[Data items]
###
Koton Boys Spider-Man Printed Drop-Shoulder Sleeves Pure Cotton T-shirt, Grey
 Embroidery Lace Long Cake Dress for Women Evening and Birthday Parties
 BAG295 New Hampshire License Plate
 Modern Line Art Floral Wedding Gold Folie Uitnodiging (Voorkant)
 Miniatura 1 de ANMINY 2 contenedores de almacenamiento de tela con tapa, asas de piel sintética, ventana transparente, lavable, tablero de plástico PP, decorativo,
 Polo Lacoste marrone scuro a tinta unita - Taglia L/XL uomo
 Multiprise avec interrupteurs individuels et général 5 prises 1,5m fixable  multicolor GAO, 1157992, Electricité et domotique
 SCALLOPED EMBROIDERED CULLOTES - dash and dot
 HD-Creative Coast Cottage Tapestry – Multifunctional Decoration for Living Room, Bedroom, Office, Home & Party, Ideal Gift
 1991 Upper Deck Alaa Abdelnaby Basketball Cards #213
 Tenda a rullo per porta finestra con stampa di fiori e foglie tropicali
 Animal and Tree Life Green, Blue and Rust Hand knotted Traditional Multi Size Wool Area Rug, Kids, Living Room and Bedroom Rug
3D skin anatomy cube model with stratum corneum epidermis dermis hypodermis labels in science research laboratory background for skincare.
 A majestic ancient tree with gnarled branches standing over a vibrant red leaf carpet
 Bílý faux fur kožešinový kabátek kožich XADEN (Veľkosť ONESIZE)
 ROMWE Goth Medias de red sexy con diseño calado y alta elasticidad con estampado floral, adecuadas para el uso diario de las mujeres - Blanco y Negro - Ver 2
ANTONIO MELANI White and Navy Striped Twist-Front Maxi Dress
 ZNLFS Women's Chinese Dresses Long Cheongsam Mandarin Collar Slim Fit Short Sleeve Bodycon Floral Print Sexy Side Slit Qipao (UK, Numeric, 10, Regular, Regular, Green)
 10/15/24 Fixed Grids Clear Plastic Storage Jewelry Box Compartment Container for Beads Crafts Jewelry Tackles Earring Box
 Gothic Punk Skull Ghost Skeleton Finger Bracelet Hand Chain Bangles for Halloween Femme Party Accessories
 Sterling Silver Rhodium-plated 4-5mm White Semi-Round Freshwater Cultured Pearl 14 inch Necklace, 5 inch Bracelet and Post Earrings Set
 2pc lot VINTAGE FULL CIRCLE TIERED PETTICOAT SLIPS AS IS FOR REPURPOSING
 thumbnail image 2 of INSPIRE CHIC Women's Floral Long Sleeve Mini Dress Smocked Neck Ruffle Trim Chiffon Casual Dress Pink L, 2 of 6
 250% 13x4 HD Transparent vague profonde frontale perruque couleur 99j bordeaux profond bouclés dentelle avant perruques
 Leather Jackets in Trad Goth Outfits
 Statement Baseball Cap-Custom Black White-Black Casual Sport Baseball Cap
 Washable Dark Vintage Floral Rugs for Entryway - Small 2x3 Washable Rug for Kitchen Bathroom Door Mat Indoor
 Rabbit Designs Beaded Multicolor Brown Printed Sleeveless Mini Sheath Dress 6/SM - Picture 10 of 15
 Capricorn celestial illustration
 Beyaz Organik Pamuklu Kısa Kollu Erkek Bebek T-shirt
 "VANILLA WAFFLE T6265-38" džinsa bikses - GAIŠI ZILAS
###
▶ [Task item]
Using the entries shown above, reproduce verbatim the lines from the line bearing "HD-Creative Coast Cottage" to the line bearing "Washable Dark Vintage", inclusive.

▶ [Answer to this task]
 HD-Creative Coast Cottage Tapestry – Multifunctional Decoration for Living Room, Bedroom, Office, Home & Party, Ideal Gift
 1991 Upper Deck Alaa Abdelnaby Basketball Cards #213
 Tenda a rullo per porta finestra con stampa di fiori e foglie tropicali
 Animal and Tree Life Green, Blue and Rust Hand knotted Traditional Multi Size Wool Area Rug, Kids, Living Room and Bedroom Rug
3D skin anatomy cube model with stratum corneum epidermis dermis hypodermis labels in science research laboratory background for skincare.
 A majestic ancient tree with gnarled branches standing over a vibrant red leaf carpet
 Bílý faux fur kožešinový kabátek kožich XADEN (Veľkosť ONESIZE)
 ROMWE Goth Medias de red sexy con diseño calado y alta elasticidad con estampado floral, adecuadas para el uso diario de las mujeres - Blanco y Negro - Ver 2
ANTONIO MELANI White and Navy Striped Twist-Front Maxi Dress
 ZNLFS Women's Chinese Dresses Long Cheongsam Mandarin Collar Slim Fit Short Sleeve Bodycon Floral Print Sexy Side Slit Qipao (UK, Numeric, 10, Regular, Regular, Green)
 10/15/24 Fixed Grids Clear Plastic Storage Jewelry Box Compartment Container for Beads Crafts Jewelry Tackles Earring Box
 Gothic Punk Skull Ghost Skeleton Finger Bracelet Hand Chain Bangles for Halloween Femme Party Accessories
 Sterling Silver Rhodium-plated 4-5mm White Semi-Round Freshwater Cultured Pearl 14 inch Necklace, 5 inch Bracelet and Post Earrings Set
 2pc lot VINTAGE FULL CIRCLE TIERED PETTICOAT SLIPS AS IS FOR REPURPOSING
 thumbnail image 2 of INSPIRE CHIC Women's Floral Long Sleeve Mini Dress Smocked Neck Ruffle Trim Chiffon Casual Dress Pink L, 2 of 6
 250% 13x4 HD Transparent vague profonde frontale perruque couleur 99j bordeaux profond bouclés dentelle avant perruques
 Leather Jackets in Trad Goth Outfits
 Statement Baseball Cap-Custom Black White-Black Casual Sport Baseball Cap
 Washable Dark Vintage Floral Rugs for Entryway - Small 2x3 Washable Rug for Kitchen Bathroom Door Mat Indoor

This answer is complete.